After finding the line with "USB 3.2 to Type" in the data below, set down exactly each line through the one with "Schiff Salonschnelldampfer Emden", inclusive, and stop there.
Content starts
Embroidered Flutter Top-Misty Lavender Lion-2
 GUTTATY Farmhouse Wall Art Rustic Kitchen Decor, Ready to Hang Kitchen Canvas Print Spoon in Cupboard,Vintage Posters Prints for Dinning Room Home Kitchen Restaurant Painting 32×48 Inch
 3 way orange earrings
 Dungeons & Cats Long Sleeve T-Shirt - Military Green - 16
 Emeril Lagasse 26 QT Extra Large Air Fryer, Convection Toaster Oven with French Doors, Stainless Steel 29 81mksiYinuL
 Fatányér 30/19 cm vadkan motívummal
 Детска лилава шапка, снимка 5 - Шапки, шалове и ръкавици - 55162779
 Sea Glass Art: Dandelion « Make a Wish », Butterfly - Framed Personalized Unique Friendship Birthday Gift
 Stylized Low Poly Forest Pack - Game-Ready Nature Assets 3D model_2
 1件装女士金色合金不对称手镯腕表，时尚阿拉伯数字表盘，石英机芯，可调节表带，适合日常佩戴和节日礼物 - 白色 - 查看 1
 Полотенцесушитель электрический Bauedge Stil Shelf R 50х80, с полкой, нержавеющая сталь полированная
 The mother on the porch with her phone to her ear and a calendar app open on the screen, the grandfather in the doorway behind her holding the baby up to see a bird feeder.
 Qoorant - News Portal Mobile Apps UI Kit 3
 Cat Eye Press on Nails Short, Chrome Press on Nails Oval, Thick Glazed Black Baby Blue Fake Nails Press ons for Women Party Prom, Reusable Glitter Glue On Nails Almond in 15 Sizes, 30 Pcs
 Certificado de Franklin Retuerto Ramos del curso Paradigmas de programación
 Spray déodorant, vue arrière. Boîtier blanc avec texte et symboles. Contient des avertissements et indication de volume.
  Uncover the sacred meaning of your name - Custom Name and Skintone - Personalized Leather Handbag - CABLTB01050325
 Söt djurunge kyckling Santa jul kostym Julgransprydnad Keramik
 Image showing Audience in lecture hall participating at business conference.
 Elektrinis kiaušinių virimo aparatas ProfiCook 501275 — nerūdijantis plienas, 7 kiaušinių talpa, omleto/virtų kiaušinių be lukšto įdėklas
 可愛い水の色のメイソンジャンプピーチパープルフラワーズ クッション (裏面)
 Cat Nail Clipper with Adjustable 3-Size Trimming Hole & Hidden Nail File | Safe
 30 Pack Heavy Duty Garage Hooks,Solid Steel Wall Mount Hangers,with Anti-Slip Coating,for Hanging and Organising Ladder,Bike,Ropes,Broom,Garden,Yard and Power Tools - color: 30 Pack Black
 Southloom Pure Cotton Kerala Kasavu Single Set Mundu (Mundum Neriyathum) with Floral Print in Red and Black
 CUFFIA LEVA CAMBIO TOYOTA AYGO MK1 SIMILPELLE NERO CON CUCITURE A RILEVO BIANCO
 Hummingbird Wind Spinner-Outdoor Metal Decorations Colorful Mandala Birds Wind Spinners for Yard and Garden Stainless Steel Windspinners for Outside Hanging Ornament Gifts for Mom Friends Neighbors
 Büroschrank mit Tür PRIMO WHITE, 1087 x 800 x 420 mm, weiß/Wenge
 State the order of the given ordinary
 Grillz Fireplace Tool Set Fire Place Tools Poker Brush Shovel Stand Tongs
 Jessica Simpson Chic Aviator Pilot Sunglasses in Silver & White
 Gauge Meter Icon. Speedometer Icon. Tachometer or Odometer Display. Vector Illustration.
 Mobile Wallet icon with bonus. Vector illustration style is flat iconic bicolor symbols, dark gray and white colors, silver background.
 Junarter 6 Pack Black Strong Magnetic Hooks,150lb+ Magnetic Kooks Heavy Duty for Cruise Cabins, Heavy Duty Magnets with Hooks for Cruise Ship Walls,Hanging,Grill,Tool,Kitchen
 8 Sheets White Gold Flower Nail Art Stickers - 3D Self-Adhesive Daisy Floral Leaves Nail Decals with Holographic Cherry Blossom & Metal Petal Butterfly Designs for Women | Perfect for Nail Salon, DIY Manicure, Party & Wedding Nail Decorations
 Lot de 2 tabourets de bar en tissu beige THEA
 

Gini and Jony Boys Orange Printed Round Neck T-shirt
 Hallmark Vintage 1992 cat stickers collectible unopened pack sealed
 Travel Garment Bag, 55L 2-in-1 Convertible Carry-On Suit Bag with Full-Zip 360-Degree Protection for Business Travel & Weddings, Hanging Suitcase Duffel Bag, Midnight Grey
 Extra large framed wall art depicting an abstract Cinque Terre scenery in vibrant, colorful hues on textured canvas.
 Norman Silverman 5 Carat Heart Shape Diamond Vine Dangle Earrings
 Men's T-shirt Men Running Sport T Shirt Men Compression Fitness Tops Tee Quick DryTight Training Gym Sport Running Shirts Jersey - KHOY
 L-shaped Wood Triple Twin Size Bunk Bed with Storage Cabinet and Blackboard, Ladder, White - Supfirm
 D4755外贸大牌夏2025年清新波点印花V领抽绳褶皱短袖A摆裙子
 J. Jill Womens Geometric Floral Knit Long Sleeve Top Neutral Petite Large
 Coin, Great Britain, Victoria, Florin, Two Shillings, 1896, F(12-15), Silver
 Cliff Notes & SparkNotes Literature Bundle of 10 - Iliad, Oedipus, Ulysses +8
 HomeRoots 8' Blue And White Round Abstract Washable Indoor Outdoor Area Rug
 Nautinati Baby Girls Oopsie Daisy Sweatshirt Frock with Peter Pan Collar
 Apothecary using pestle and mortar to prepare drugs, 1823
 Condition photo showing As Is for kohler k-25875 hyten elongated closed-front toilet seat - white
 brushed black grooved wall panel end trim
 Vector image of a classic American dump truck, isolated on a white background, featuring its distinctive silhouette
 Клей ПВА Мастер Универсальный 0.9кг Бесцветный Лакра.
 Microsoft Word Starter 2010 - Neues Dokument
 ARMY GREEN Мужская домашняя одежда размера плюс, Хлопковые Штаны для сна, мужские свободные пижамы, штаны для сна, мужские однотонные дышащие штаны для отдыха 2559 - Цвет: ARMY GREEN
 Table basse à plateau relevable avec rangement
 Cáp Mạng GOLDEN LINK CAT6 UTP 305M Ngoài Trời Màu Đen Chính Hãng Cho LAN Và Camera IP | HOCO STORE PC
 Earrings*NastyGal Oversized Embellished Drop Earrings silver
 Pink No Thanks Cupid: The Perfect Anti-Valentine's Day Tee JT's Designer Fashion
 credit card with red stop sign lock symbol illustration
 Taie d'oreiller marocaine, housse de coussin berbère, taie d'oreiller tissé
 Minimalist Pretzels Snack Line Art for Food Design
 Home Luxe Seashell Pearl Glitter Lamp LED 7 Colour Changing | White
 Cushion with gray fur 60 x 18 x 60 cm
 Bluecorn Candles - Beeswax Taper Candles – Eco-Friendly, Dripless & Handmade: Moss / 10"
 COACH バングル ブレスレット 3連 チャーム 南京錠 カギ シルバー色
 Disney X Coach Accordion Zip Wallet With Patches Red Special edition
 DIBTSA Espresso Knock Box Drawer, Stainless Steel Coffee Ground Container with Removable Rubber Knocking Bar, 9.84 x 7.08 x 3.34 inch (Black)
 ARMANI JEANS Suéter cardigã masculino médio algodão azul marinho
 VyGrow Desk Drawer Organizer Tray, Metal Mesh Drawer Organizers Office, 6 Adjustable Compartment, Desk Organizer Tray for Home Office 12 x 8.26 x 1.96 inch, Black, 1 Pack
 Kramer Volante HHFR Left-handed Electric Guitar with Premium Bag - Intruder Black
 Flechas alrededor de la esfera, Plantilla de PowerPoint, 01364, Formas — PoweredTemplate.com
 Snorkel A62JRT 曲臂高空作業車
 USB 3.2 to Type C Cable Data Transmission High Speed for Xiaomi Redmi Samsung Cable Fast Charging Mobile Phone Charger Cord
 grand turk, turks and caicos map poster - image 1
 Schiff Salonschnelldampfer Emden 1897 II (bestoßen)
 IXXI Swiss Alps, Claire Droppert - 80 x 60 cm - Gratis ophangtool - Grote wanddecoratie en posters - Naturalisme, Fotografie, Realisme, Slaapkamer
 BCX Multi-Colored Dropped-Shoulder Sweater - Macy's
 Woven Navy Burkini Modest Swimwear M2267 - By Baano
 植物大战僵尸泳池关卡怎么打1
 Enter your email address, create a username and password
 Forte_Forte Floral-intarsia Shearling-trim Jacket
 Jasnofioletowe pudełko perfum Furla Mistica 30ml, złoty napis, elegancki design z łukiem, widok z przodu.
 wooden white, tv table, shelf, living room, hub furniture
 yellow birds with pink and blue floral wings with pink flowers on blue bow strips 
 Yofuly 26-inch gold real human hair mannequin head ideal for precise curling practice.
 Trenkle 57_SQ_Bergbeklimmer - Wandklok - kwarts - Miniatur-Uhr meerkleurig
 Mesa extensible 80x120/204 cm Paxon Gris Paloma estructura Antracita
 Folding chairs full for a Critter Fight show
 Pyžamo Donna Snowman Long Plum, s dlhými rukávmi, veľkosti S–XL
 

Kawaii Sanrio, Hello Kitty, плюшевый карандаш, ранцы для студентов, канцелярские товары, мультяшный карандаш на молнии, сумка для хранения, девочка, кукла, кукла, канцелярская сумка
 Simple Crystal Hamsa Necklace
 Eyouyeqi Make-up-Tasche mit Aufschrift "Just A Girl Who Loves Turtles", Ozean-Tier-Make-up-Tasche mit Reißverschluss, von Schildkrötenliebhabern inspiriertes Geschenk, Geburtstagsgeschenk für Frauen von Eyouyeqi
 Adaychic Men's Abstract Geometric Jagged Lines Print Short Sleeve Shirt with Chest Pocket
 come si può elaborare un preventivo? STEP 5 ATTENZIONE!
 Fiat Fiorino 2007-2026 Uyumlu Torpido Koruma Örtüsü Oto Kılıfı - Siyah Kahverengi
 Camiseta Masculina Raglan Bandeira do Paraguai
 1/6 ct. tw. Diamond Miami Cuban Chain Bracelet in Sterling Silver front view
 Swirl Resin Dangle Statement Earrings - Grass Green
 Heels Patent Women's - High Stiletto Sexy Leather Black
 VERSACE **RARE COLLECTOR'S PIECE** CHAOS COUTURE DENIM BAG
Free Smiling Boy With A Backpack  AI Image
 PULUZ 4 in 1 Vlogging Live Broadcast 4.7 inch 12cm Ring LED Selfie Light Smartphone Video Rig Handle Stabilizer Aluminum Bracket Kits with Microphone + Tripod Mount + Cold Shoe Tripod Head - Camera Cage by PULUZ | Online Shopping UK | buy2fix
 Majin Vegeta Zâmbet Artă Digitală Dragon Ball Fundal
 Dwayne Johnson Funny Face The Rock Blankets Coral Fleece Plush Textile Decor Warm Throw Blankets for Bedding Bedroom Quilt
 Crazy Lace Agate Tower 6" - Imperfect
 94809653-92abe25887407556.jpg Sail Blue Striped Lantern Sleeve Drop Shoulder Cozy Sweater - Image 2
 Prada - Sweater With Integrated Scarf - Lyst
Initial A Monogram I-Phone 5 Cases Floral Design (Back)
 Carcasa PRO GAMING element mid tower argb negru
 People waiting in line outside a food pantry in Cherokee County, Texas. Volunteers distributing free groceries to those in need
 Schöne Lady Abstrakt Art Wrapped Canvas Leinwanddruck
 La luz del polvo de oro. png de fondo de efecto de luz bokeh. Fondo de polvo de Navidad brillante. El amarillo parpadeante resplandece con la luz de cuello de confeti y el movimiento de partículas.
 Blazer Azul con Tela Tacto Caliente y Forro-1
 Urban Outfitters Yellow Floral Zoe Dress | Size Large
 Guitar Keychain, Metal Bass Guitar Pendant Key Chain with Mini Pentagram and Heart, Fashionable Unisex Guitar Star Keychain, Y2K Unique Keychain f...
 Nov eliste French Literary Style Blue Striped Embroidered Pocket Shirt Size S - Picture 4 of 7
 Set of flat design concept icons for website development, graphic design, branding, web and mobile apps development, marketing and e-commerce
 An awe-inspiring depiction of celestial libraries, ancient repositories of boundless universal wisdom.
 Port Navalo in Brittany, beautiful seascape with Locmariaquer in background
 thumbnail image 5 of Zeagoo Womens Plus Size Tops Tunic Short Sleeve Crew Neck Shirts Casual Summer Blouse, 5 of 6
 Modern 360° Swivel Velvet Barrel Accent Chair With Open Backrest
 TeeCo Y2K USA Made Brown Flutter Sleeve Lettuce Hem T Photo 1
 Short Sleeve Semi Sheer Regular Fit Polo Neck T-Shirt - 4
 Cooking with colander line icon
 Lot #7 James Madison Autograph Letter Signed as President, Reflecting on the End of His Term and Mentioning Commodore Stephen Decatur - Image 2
Content ends
Answer to the exercise:
 USB 3.2 to Type C Cable Data Transmission High Speed for Xiaomi Redmi Samsung Cable Fast Charging Mobile Phone Charger Cord
 grand turk, turks and caicos map poster - image 1
 Schiff Salonschnelldampfer Emden 1897 II (bestoßen)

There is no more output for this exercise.